As great as the carrot is though, it’s probably the amazing walks and tramps along with the Turoa Ski Field that draw people to Ohakune year round, but especially in winter when the town really comes alive. Our last trip there though was in early winter before the ski season began, so we almost had the whole place to ourselves.
The township itself has a really nice vibe to it, and feels just like the mountain ski town that it is. There’s plenty of cafes and bars to keep you entertained after a hard day on the slopes too. After wandering around there for a while we headed over to “The Junction” on the other side of town as you start to head towards the ski field.
Named due to its proximity to the railway station, it’s a popular spot for the après ski scene, although there’s one less place to party now that the ‘Hot Lava’ bar/club has closed down.

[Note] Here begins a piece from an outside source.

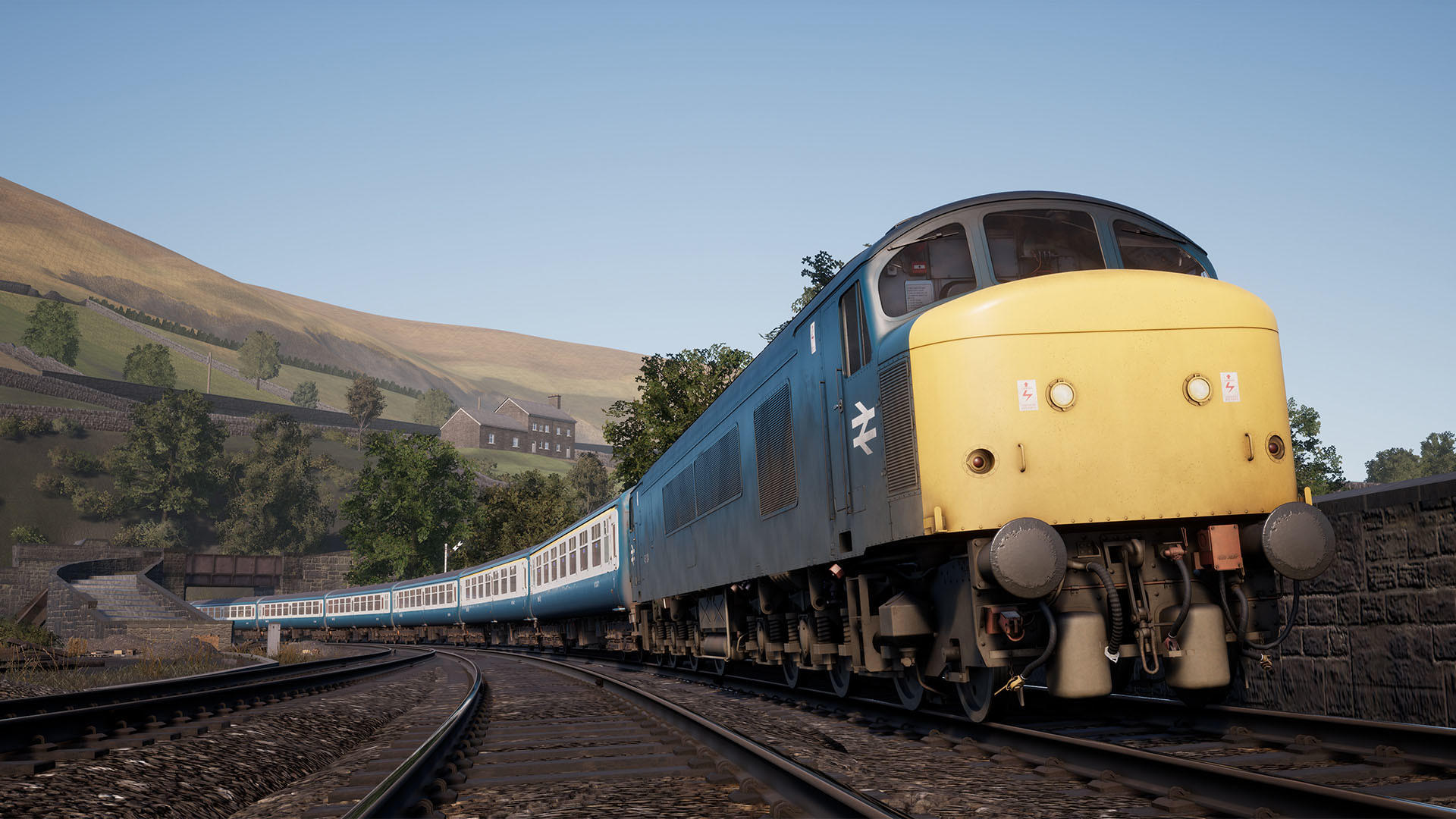 Screenshot of Train Sim World® 2020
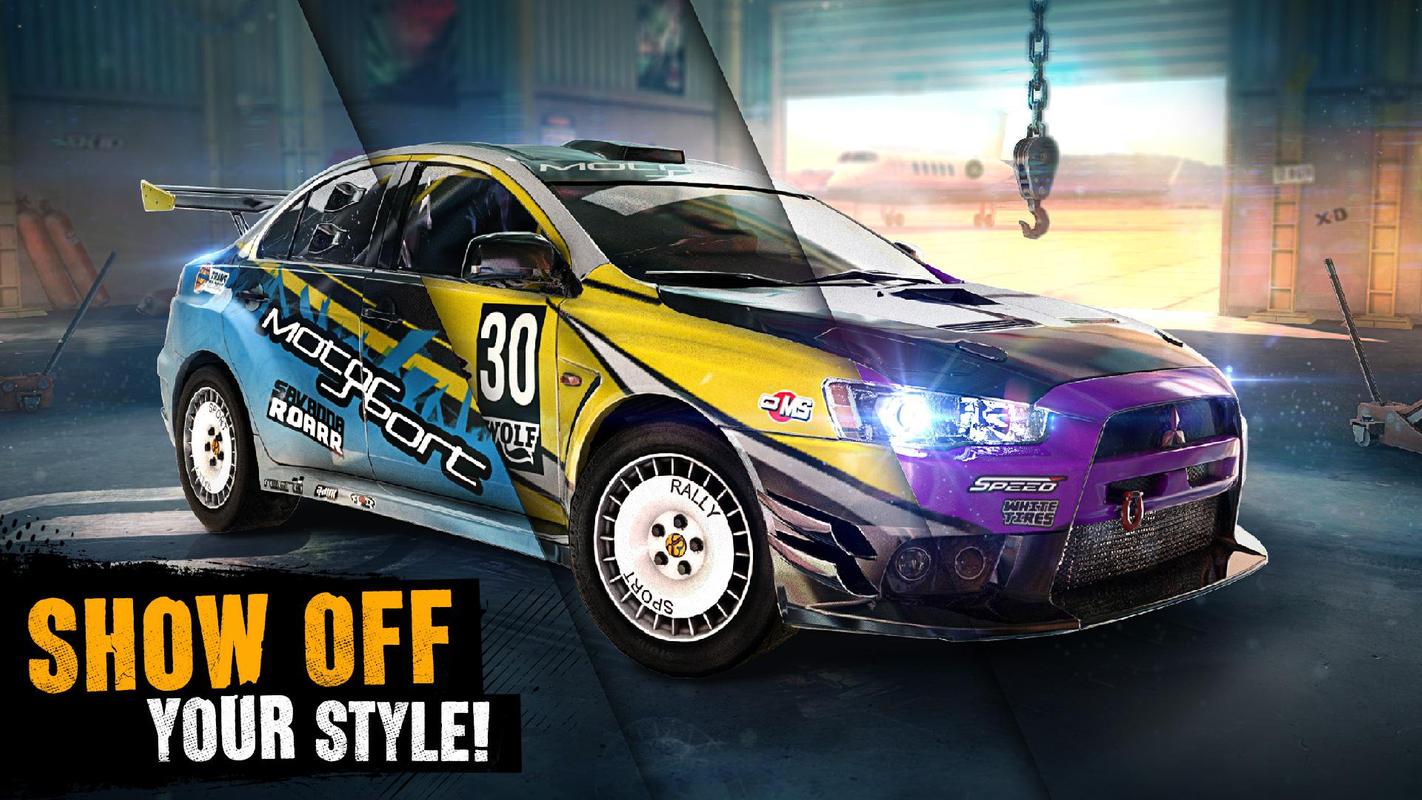 Asphalt xtreme rally racing gameplay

A few years ago we came down for the start of the ski season ‘Mardi Gras’ and the Hot Lava bar was in full swing, so it was a little sad to see it looking a bit rundown. In some ways though, it looks even better now I think, as I love old buildings, and it seems to have more character now that it’s empty.
Just a short drive up from the Junction is the Mangawhero DoC Camp where we chose to base ourselves for a few days. A great little campground, with hardstand parking areas arranged around a centre circle giving a nice communal feel. We were the only ones there though so not much of a community going on 🙂
From the campground it’s not far to the Mangawhero Falls which are worth checking out, as is the hour-long Forest Walk which passes the campground.

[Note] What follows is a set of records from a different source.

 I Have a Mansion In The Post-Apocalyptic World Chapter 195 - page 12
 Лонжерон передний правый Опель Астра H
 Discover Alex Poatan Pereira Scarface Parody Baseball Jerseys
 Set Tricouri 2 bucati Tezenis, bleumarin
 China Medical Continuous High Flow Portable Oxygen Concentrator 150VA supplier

A little further up Ohakune Mountain Road is the start of a truly spectacular walk, the track to the Waitonga Falls. The path starts off climbing through native bush before it opens up onto a walkway across an alpine bog, with spectacular views of the snow-covered Mt. Ruapehu.
The track then descends steeply to the river near the base of the Waitonga Falls, which, at 39m, are the tallest in Tongariro National Park. You can see the waterfall from the end of the track, but for the more adventurous it’s possible to traverse the river bed and banks to get right to the base of the falls. Firstly, you need to cross a very slippery, wobbly log, a little further downstream, and then work your way back along the opposite bank, crossing rocks and crawling through the bush. It’s not easy to get right up to the falls, but it’s well worth the effort.
Turoa Ski Field
After the walk we drove the last few kms up the mountain to the Turoa Ski Field to park up for some lunch. We’ve eaten with some pretty amazing views and this one had to be right up there with the best of them. The mountain looked absolutely stunning, with the blue skies contrasting sharply with the blindingly white snow.
With lunch out of the way we were itching to explore the mountain. There’s always something special about walking around a ski field when it’s not open, especially when there’s snow around. Knowing that in just a couple of weeks’ time this place will be packed with boarders and skiers, it’s nice to enjoy the last moments of peace and tranquillity.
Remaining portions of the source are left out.